(Problem) In full and without alteration, print the entries that follow.

(Records drawn from a dataset)

■ ■ ■

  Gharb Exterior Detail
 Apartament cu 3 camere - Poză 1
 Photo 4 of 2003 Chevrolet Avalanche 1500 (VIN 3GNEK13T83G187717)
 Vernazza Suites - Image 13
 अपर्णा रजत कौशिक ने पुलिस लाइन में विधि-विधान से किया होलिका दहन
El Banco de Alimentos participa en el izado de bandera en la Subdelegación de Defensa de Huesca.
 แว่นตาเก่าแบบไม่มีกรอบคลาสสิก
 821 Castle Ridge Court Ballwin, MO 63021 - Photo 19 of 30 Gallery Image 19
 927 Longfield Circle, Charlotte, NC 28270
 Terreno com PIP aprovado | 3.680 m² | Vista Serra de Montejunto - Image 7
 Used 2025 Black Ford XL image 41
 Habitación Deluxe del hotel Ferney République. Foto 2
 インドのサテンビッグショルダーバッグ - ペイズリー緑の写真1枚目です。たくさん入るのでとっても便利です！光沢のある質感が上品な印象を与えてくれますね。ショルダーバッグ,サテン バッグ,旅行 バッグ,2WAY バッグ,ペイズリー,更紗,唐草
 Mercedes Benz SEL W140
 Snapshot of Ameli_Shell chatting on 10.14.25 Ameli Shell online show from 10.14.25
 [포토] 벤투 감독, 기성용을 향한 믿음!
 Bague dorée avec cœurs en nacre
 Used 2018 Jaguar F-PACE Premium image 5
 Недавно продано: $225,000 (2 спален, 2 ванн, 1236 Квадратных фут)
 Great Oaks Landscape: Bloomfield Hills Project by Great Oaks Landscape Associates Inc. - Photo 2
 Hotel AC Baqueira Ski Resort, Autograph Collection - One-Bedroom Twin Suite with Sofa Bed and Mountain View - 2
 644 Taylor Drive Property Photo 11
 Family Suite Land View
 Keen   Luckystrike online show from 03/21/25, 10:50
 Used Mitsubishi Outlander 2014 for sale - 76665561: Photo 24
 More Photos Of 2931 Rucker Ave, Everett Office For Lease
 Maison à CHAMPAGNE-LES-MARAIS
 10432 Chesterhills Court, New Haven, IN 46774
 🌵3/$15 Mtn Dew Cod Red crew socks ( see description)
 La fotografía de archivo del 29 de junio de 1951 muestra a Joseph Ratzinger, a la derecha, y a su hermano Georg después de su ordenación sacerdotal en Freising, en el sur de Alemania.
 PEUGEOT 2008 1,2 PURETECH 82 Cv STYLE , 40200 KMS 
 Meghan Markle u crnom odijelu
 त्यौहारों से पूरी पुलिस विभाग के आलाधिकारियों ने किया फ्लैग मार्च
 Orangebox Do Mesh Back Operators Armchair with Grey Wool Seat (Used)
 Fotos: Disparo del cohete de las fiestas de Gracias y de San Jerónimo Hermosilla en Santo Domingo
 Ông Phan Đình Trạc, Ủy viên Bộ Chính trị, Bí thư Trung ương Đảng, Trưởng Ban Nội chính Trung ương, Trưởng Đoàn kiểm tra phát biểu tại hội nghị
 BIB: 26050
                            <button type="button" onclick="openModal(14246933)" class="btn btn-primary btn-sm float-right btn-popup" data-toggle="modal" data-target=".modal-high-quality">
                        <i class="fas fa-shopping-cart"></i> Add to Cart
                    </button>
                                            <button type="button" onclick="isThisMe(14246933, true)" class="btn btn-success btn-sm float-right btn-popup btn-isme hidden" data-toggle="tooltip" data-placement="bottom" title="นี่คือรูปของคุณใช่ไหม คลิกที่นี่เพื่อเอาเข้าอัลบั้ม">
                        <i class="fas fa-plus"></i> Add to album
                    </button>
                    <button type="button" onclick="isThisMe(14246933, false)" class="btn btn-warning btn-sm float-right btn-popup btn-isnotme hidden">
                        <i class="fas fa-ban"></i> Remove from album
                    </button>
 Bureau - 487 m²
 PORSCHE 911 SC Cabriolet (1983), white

■ ■ ■

(Reply)
  Gharb Exterior Detail
 Apartament cu 3 camere - Poză 1
 Photo 4 of 2003 Chevrolet Avalanche 1500 (VIN 3GNEK13T83G187717)
 Vernazza Suites - Image 13
 अपर्णा रजत कौशिक ने पुलिस लाइन में विधि-विधान से किया होलिका दहन
El Banco de Alimentos participa en el izado de bandera en la Subdelegación de Defensa de Huesca.
 แว่นตาเก่าแบบไม่มีกรอบคลาสสิก
 821 Castle Ridge Court Ballwin, MO 63021 - Photo 19 of 30 Gallery Image 19
 927 Longfield Circle, Charlotte, NC 28270
 Terreno com PIP aprovado | 3.680 m² | Vista Serra de Montejunto - Image 7
 Used 2025 Black Ford XL image 41
 Habitación Deluxe del hotel Ferney République. Foto 2
 インドのサテンビッグショルダーバッグ - ペイズリー緑の写真1枚目です。たくさん入るのでとっても便利です！光沢のある質感が上品な印象を与えてくれますね。ショルダーバッグ,サテン バッグ,旅行 バッグ,2WAY バッグ,ペイズリー,更紗,唐草
 Mercedes Benz SEL W140
 Snapshot of Ameli_Shell chatting on 10.14.25 Ameli Shell online show from 10.14.25
 [포토] 벤투 감독, 기성용을 향한 믿음!
 Bague dorée avec cœurs en nacre
 Used 2018 Jaguar F-PACE Premium image 5
 Недавно продано: $225,000 (2 спален, 2 ванн, 1236 Квадратных фут)
 Great Oaks Landscape: Bloomfield Hills Project by Great Oaks Landscape Associates Inc. - Photo 2
 Hotel AC Baqueira Ski Resort, Autograph Collection - One-Bedroom Twin Suite with Sofa Bed and Mountain View - 2
 644 Taylor Drive Property Photo 11
 Family Suite Land View
 Keen   Luckystrike online show from 03/21/25, 10:50
 Used Mitsubishi Outlander 2014 for sale - 76665561: Photo 24
 More Photos Of 2931 Rucker Ave, Everett Office For Lease
 Maison à CHAMPAGNE-LES-MARAIS
 10432 Chesterhills Court, New Haven, IN 46774
 🌵3/$15 Mtn Dew Cod Red crew socks ( see description)
 La fotografía de archivo del 29 de junio de 1951 muestra a Joseph Ratzinger, a la derecha, y a su hermano Georg después de su ordenación sacerdotal en Freising, en el sur de Alemania.
 PEUGEOT 2008 1,2 PURETECH 82 Cv STYLE , 40200 KMS 
 Meghan Markle u crnom odijelu
 त्यौहारों से पूरी पुलिस विभाग के आलाधिकारियों ने किया फ्लैग मार्च
 Orangebox Do Mesh Back Operators Armchair with Grey Wool Seat (Used)
 Fotos: Disparo del cohete de las fiestas de Gracias y de San Jerónimo Hermosilla en Santo Domingo
 Ông Phan Đình Trạc, Ủy viên Bộ Chính trị, Bí thư Trung ương Đảng, Trưởng Ban Nội chính Trung ương, Trưởng Đoàn kiểm tra phát biểu tại hội nghị
 BIB: 26050
                            <button type="button" onclick="openModal(14246933)" class="btn btn-primary btn-sm float-right btn-popup" data-toggle="modal" data-target=".modal-high-quality">
                        <i class="fas fa-shopping-cart"></i> Add to Cart
                    </button>
                                            <button type="button" onclick="isThisMe(14246933, true)" class="btn btn-success btn-sm float-right btn-popup btn-isme hidden" data-toggle="tooltip" data-placement="bottom" title="นี่คือรูปของคุณใช่ไหม คลิกที่นี่เพื่อเอาเข้าอัลบั้ม">
                        <i class="fas fa-plus"></i> Add to album
                    </button>
                    <button type="button" onclick="isThisMe(14246933, false)" class="btn btn-warning btn-sm float-right btn-popup btn-isnotme hidden">
                        <i class="fas fa-ban"></i> Remove from album
                    </button>
 Bureau - 487 m²
 PORSCHE 911 SC Cabriolet (1983), white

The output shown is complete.